And then, to add insult to injury, I NEVER had a substitute Dad…no male figure ever tucked me under his wing and made certain I was being nurtured and he was genuinely interested in whatever it was I was doing. I became very bitter – and I’m quite certain some psychologist would find a goldmine of various and sundry psychological neuroses, etc. to dig up and confront me with and prescribe treatment. But, the fact is that, I’m not interested because I’ve found my own comfort.

Besides those I note above, IMDb lists some 1300 “sci-fi, father-son relationship” movies.

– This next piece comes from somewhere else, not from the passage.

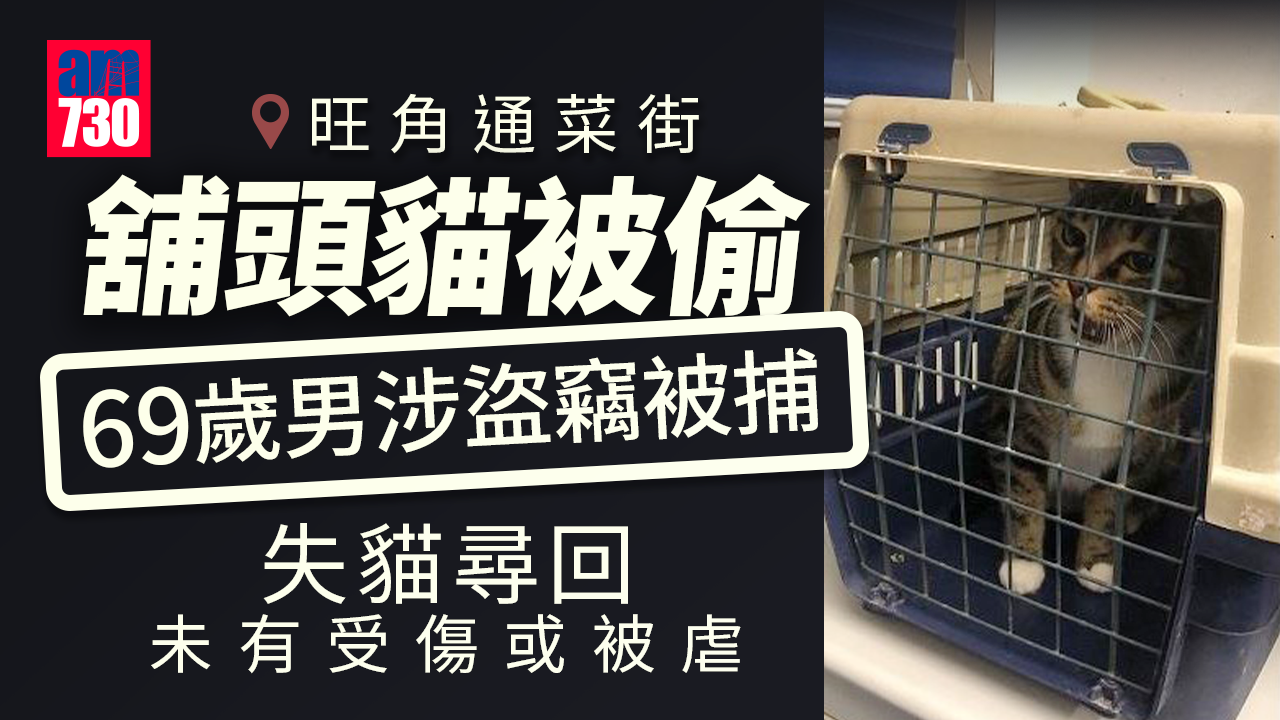 69歲男涉旺角通菜街偷貓被捕　失貓尋回未有受傷或被虐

If you drop the sci-fi, the number LEAPS to over 21,000. I’m clearly NOT the only person who has experienced and tried to reconcile this relationship. When I type in, “sci-fi, father-son reconciliation”, I get 70 hits…of which, three are sci-fi (two are actually horror), and one episode of an old TV show…and then the list repeats the 35 selections again to give a nice 70…FWIW, none of the entries are the movies above…

So, why did I write all of this? It’s all fantasy, right? I all of a sudden realized that
I’ve been looking for a reconciliation with my father most of my life. He died of complications of Alzheimer’s three-and-a-half years ago, so there’s no chance that I’ll EVER reconcile in reality, but now I understand why, when I see that happening in movies – and I react with grief.

Now that I know that, perhaps what I’ll start doing is WRITING my way into reconciliation by focusing my narrative on creating those kinds of stories. The kinds of stories I'd LIKE to see…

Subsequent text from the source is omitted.